1. USERS’ INFORMATION
Renaissance Sri Lanka (“RSL”), with Récépissé de Déclaration de Creation de l’association N° W783011582, and with address chez Mme Cavalié, Résidence El Dorado Bat D, 1 rue de la Vieille Butte 78100, Saint-Germain-en-Laye, hereinafter the PROVIDER, is responsible for processing Users’ personal data and shall ensure that these data will be processed in accordance with the provisions of (EU) Regulation 2016/679 of 27 April 2016 (GDPR) regarding the protection of natural persons in the processing and free circulation of personal data, for which the following information is provided:
Purpose for the processing: to maintain a business relationship with Users. Operations in which the data will be used:
• To send advertising and marketing communications via email, fax, SMS, MMS, social networks or any other electronic or physical means, both now and in the future, to carry out marketing communications.
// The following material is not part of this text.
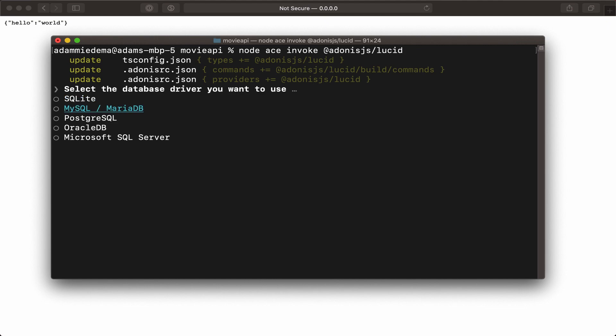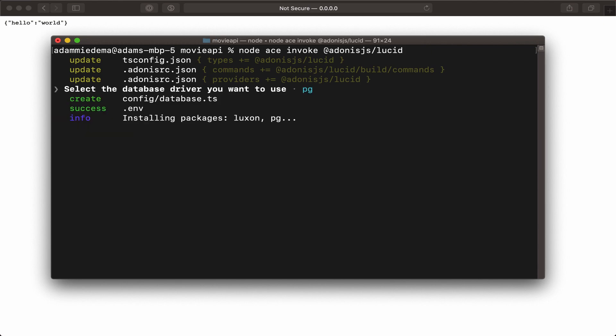I'm going to select PostgreSQL. To select it, just press the spacebar on your keyboard, and then click enter to install that driver.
• These communications shall be sent by the PROVIDER and be related to its products and services or pertain to its donors, volunteers or suppliers with which it has a promotional agreement. In this case, third parties will never have access to personal data.
• To carry out statistical studies.
• To process orders, enquiries, or any type of request that is made by users through any of the contact forms made available to them.
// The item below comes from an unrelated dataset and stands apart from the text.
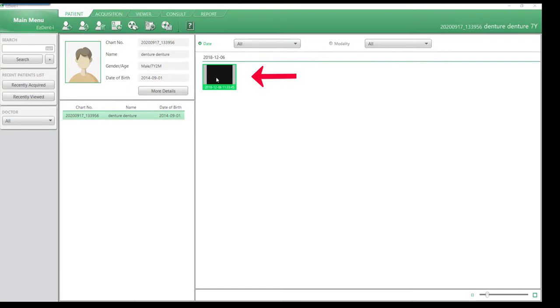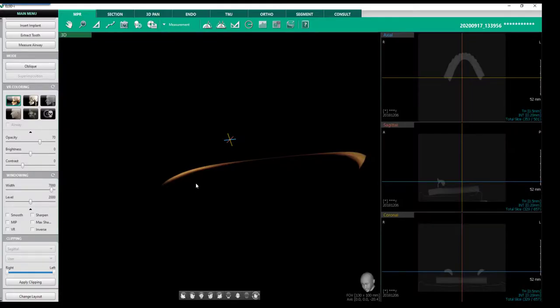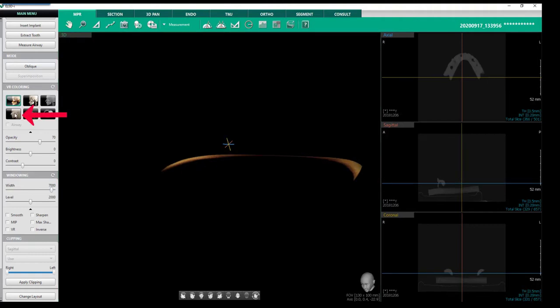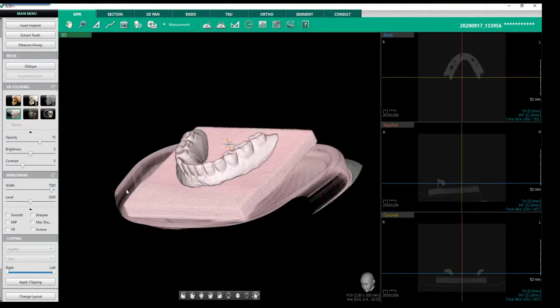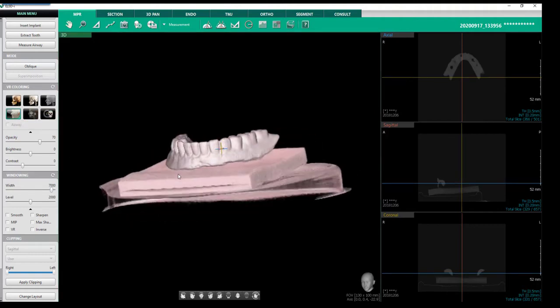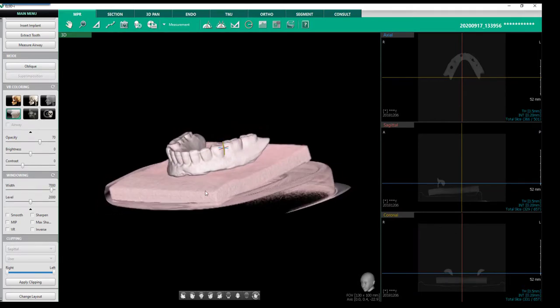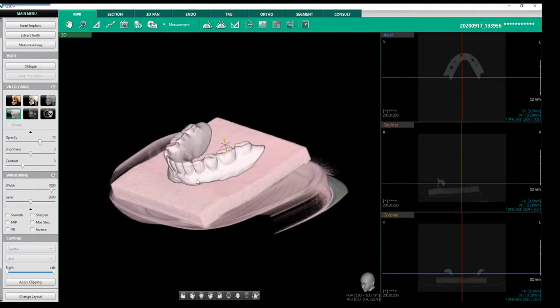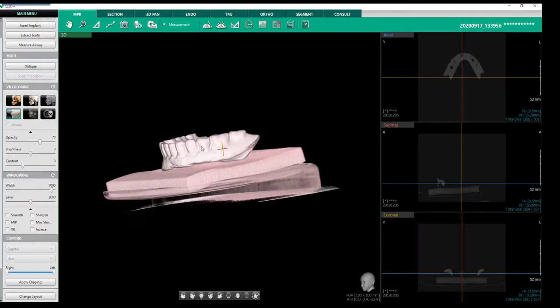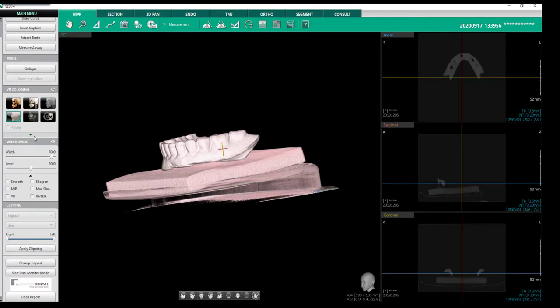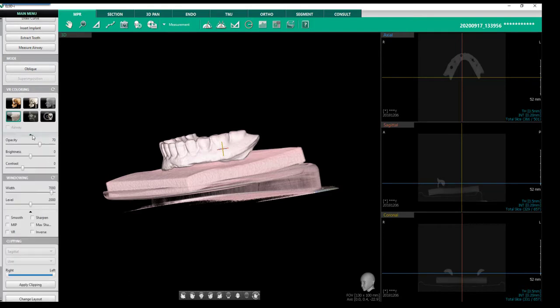Double-click on the CBCT icon to open the Easy3D Eye software. On the left toolbar, VR Coloring, select Soft Tissue. This will change the density to better visualize the scanned object. Utilize the opacity slide bar to adjust the image opacity.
• To send the newsletter from the website or information of any activity.
Data retention criteria:
Data shall be retained for as long as there is mutual interest in keeping them. When the data are no longer necessary for the purpose for which they were retained, they shall be deleted using appropriate security measures to ensure either their pseudonymisation or their total destruction.
Communication of the data:
Data will not be communicated to third parties, except in the event of a legal obligation to do so.
Rights of Users:
• The right to withdraw consent at any time.
• The right to access, correct, transfer and delete personal data and to limit or oppose their use.
• The right to file a claim with the protection agency (CNIL) should they believe that the processing does not comply with current regulations.
Contact information for Users to exercise their rights:
Postal address: chez Mme Cavalié, Renaissance Sri Lanka, with Récépissé de Déclaration de Creation de l’association N° W783011582, and with address Résidence El Dorado Bat D, 1 rue de la Vieille Butte 78100, Saint-Germain-en-Laye, Paris, France.
2. OBLIGATORY OR OPTIONAL INFORMATION PROVIDED BY USERS.
Users, by marking the corresponding boxes and entering data in the fields marked with an asterisk (*) in the contact form or presented in downloadable forms, expressly, freely, and unequivocally accept that these data are necessary for the provider to fulfil their requests, and hereby allow their data to be included in the remaining fields. Users guarantee that the personal data they provide to the PROVIDER are true and agree to communicate any modification of them.
The PROVIDER hereby informs and expressly guarantees to Users that their personal data will not be transferred under any circumstance to third parties and that whenever any transfer of personal data is made, the express, informed, and unequivocal consent of the Users will be requested in advance. All data requested through the website are mandatory as they are necessary for providing an optimal service to Users. In the case where not all data are provided, the information and services provided cannot be guaranteed to meet Users’ needs fully.
3. SECURITY MEASURES
In accordance with the provisions of the regulations in force regarding the protection of personal data, the PROVIDER hereby states that it complies with all provisions of the GDPR regulations to process the personal data under its responsibility, and expressly with the principles set out in Article 5 of the GDPR, namely that they are processed in a lawful, loyal and transparent manner regarding the interested party, as well as appropriately and relevantly, limited to whatever is necessary for the purposes for which they are processed.
The PROVIDER guarantees that it has implemented appropriate technical and organisational policies to apply the security measures established by the GDPR in order to protect the rights and freedoms of Users and has communicated the necessary information to Users so that they may exercise said rights and freedoms.